RB3 is built on the Qualcomm 845 system-on-chip (SoC) and includes key capabilities such as high-performance heterogeneous computing, 4G/LTE connectivity, AI processing abilities, hi-fidelity sensing, odometry for localization, mapping, and navigation, vault-like security, and Wi-Fi connectivity.
Qualcomm also pledged 5G connectivity support for late 2019, gaining an advantage over its competitors in the robotics industry. This indicates that in the near future, robots will not only be able to execute AI tasks but will be able to do so more efficiently thanks to the faster data transfer and communication enabled by 5G network connectivity.
Softbank-backed firm introduces HUMANOID roBOT XR-1
Japanese mobile pioneer SoftBank continues spearheading future robotics with huge investments in humanoid consumer robots. Its first companion robot “Pepper” was introduced in 2015 and can communicate with humans through voice, touch, and by detecting emotions. SoftBank has already sold over 12,000 Pepper robots.

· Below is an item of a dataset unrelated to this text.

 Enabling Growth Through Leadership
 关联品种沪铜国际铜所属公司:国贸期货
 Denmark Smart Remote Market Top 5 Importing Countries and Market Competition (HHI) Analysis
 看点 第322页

The early success of Pepper boosted consumer expectations for SoftBank’s next-generation androids. At MWC, the SoftBank-backed Chinese AI and robotics solution developer CloudMinds unveiled its AI-based robot, XR-1.

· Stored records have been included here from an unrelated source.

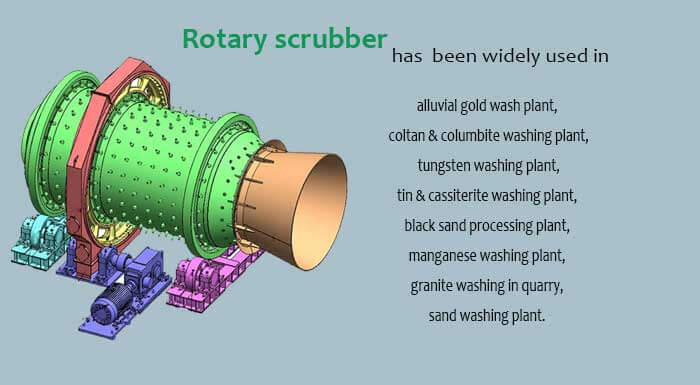 rotary scrubber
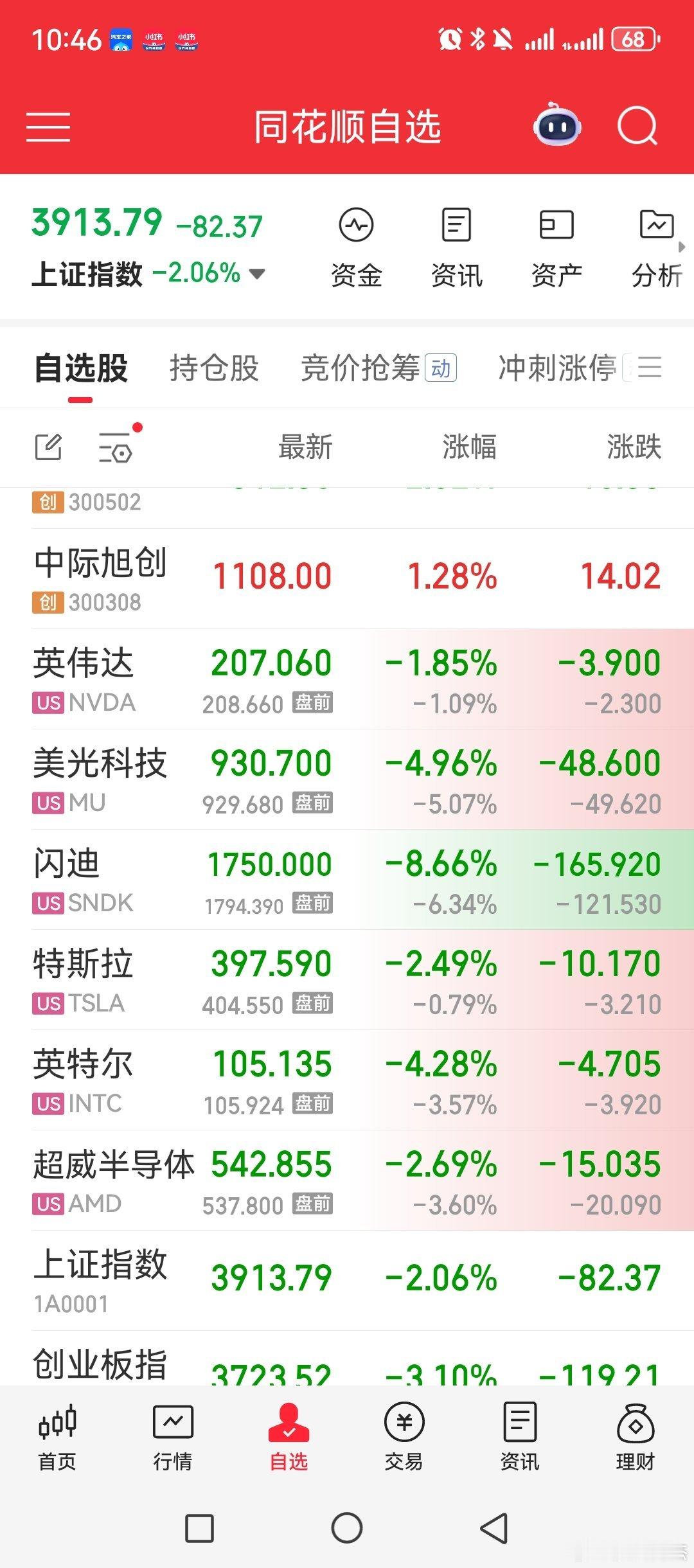 A股被韩股坑惨了受韩国半导体大跌影响，美股半导体，cpo，一片绿明天看看半导体能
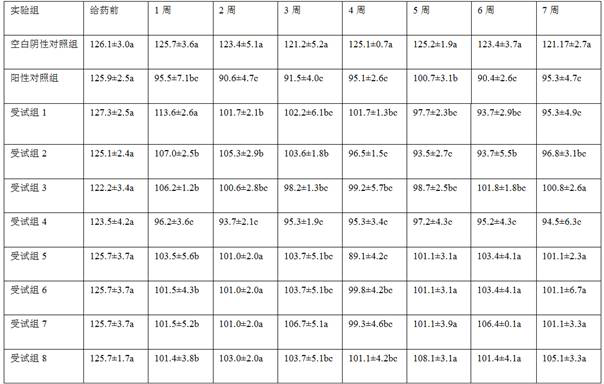 Tea lozenge with three-high reducing effect and preparation method of tea lozenge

The XR-1’s selling points include flexible arm joints powered by Smart Compliant Actuators (SCAs) technology and a comprehensive intelligent system that integrates AI capabilities such as vision processing, natural language processing, robotic motion control, vision-guided grasping and manipulation.
In its MWC 2019 demo the XR-1 delivered coffees and aced a demanding needle-threading task.
Telecoms seek AI transformation
Telecom companies are embracing automation and data-driven analysis as the industry moves into 5G and IoT.
At MWC Nokia launched Cognitive Collaboration Hubs, a network system designed to address key challenges such as improving network performance, automating operations, enhancing subscriber experience and exploring new revenue streams. The company believes C-Hubs can facilitate the co-creation of innovative, tailored cognitive use cases and solutions by bringing together the right people, technologies and processes and leveraging data science expertise.
C-Hubs use cases include improving road safety using AI powered driver analytics. Nokia also launched a Driver Behavior Analytics program to provide road and driver insights to the automotive and insurance industries, city councils and transport authorities.
Ericsson, the world’s third-largest telecommunication equipment maker, introduced its Ericsson Operations Engine at MWC. The engine aims to accelerate rollout of network services and better manage growing network complexity.